Hagtech, In your equation, I assume R is the internal resistance of the cartridge and L is the cartridge inductance. Since you speak of "bandwidth", "f" must be bandwidth. Further I assume R is in ohms and L is in henries. I must have something wrong, because if those assumptions are correct, then LOMCs with high internal R (>>10 ohms), like the Kiseki, would have much greater bandwidth than a typical LOMC with an internal R of ~10 or less. This happens because LOMCs have very low inductance, usually less than 50 microhenries, and therefore the denominator is always going to <<1.0. Further, I would think an equation to determine bandwidth resulting from a specific match between cartridge and phono would have to include parameters of both the cartridge and the phono stage.

For example, the Kiseki with an internal resistance of 40 ohms and an inductance of say 50 microhenries or .000050 Henries (cannot find the actual value on line) would have a bandwidth in excess of 100KHz.
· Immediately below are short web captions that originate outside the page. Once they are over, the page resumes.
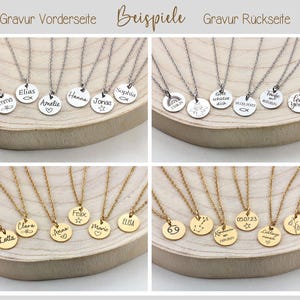 May include: Two rows of silver and gold necklaces with round pendants. The pendants are engraved with names, dates, and symbols like hearts, stars, and fish. The text on the pendants reads: Valentina, Emma, Elias, Amelie, Hanna, Jonas, Sophia, Sch&uuml;tze dich, Toufe, Love you, 05.07.23,  Charlotte, Lotta, Clara, Anna, Felix, Marie, Elisa, 23.06.24,  69,  Sagittarius,  Lieblings mama,  and a paper boat.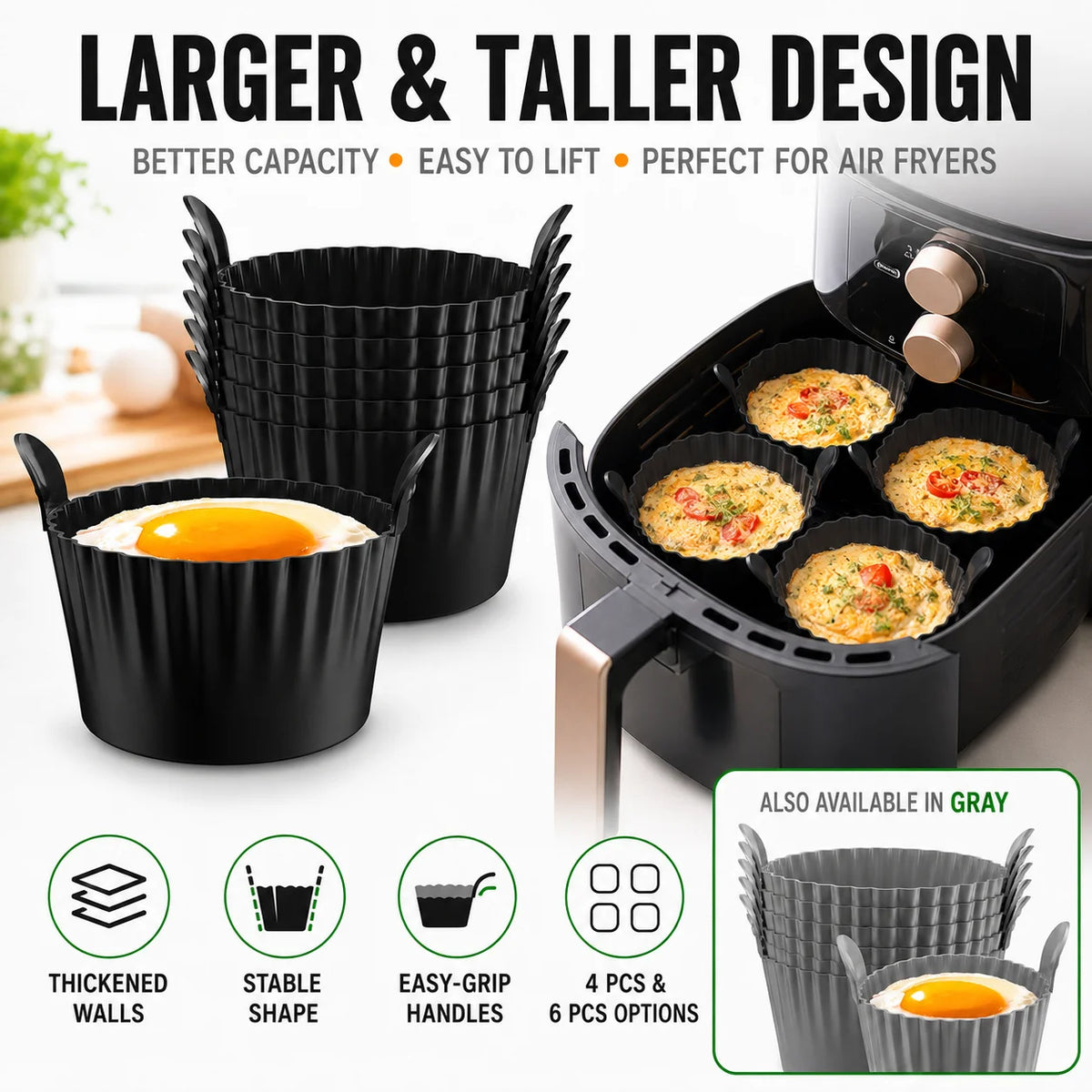 Silicone Egg Poacher Cups | Air Fryer Egg Bite Mold – 3/4/6 Pc Egg Poacher Cups Axl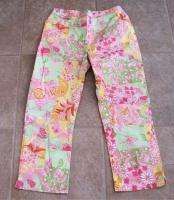 Lilly Pulitzer Sz 2 Tropical Drink Pants Hot Pink Lime  
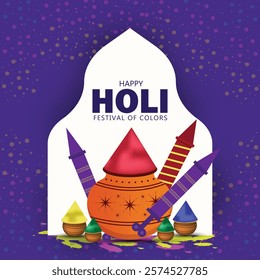 Happy Holi festival poster template with Holi powder color bowls on purple background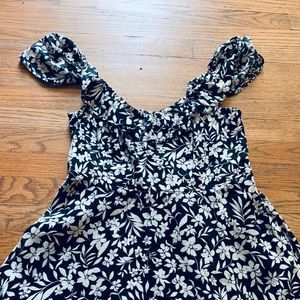 Black Dress with White Flowers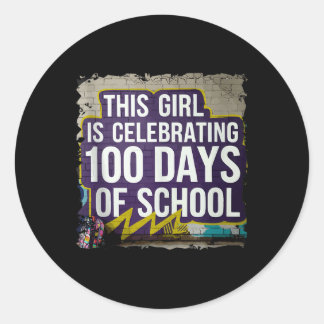 100. Tag Funny Outfit für Mädchen 100 Tage Schoo Runder Aufkleber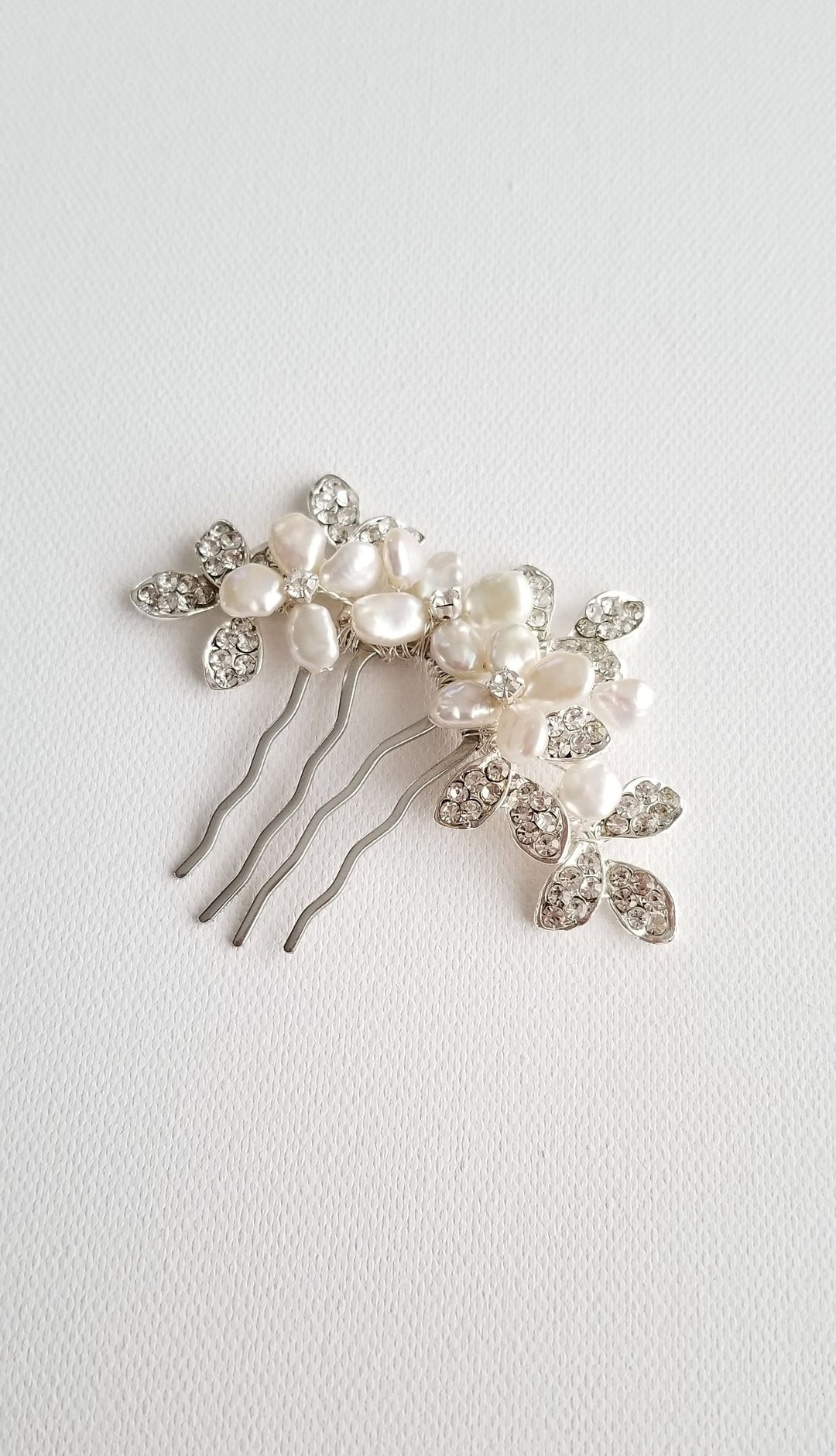 Pearl Bridal Comb, Freshwater Pearl Wedding Hair Comb Earring Set, Silver Crystal Comb For Bride - freshwater pearls, metal comb, crystals, metal leaves, wire, cz earring hoops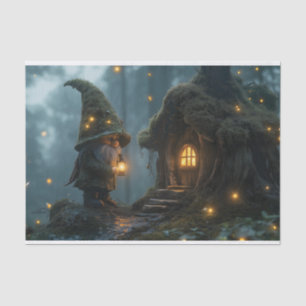 Enchanted Gnome Cottage in the Moonlight: Fantasy Tissue Paper
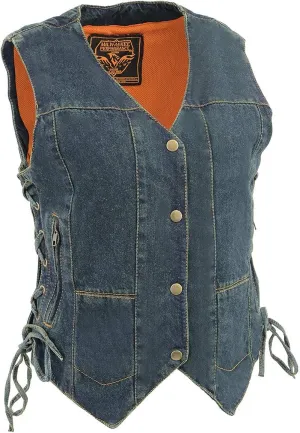 Milwaukee Leather Women's Premium Denim Motorcycle Rider Vest | MDL - X-Large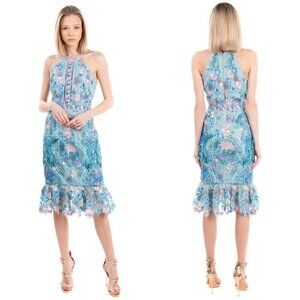 NWT Marchesa Notte Blue Floral Guipure Lace Midi Dress $795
Whereas a more typical LOMC with an internal R of 4 ohms and similar inductance would have a ten-fold narrower bandwidth.  Even if such a cartridge has also a lower inductance, that would not help much; the predicted value for f would still be well below 100kHz.

Thanks to everyone who has contributed to the thread so far. The explanations and the equations provided are very helpful in understanding how to find a good match.

@hagtech, I'm curious to your response on lewm's reply as I can see where the way you're calculating bandwidth may not be accurate.

I did see on Steve Hoffman Forums that there is a user using a BMC with a different Kiseki cartridge also with 40 Ohm impedance and doesn't seem to be experiencing any issues with it. It may be that Kiseki has lower than typical inductance?

It's a shame that cartridge manufacturers do not provide all the specs an end user may need to make better-informed decisions.

The inductance of an LOMC is trivial, in the sense that it’s very low, on the order of 1000 times lower than MI which is already much lower than MM. Your acquaintance is probably happy because it works and he has yet to try an LOMC with truly low internal resistance. I feel that I must be misinterpreting Hagtech’d equation .

There is no real contribution from phonostage, since it appears as a dead short, we are talking transimpedance, right?

Nevertheless, first order bandwidth rolloff is from L/R ratio of cart (and tonearm wire). Think current, not voltage.

I know it may feel counter-intuitive, but what is happening here is a sacrifice between output amplitude (maximum current) and bandwidth.